Which is not to the game’s benefit, because rather than just becoming a rather standard puzzle platformer, it instead becomes a rather standard puzzle platformer which is really, really frustrating to play. This mostly comes down to what feels like a disconnect between these two separate things, where progress is determined by you figuring out all the moving pieces and solving the puzzle to find a way forward, while the masocore elements try to make that as obtuse and annoying as possible. It’s like having a jigsaw in front of you except your cat or your baby brother keeps taking pieces from you and hiding them around the house: you’re often missing something that’s the key to actually making progress, and the game makes a point at actively hiding that element from you. Say, a puzzle where it turns out you need a second box, when that second box is in a completely different area, past an enemy, in a place that does not seem like there’s anything there and in a game where you’ve never before this point had to go left instead of right.

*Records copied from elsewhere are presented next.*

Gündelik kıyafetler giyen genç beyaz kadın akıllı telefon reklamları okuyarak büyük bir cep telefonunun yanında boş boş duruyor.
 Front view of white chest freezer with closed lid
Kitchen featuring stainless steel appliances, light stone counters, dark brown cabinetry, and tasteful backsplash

Not to mention how tight and uncompromising a lot of the timings and solutions are. There’s a puzzle where you have to use a minecart to get onto a rail track, which you have to run across before the minecart presses a button that electrifies the ground below you. There is no wiggle room: you have to find the exact place on the slope to jump onto the minecart, both high enough on the slope so that you have enough time to run across the rail, but low enough that it doesn’t pick up speed and hit the button prematurely. The track is long enough that anything other than the exact sweet-spot means you don’t get there in time and you die. There’s no rubric to really tell where the exact place to put it is, whether a failure was because you put it too high or too low, you just have to brute force the puzzle, dying over and over again, until you somehow intuit or guess what you actually have to do. And after four or five puzzles beforehand that are exactly like that, it’s hard not to get sick of it.

Which, like, maybe that’s what the game intends. Maybe it’s meant to feel bleak and empty in a rather charmless way. Which, like, okay, sure, but that doesn’t then make it all that fun or interesting to interface with. Nor does it make what’s there… feel particularly deep or meaningful. Which is a shame, because the first hour still holds up. Even if it didn’t quite compare to INSIDE, it was a decently effective little platformer that worked well to blend horror with masocore elements to create something rather evocative. What follows feels much less interesting, much less purposeful, and something that I frankly got tired of playing long before I reached the end. 4/10.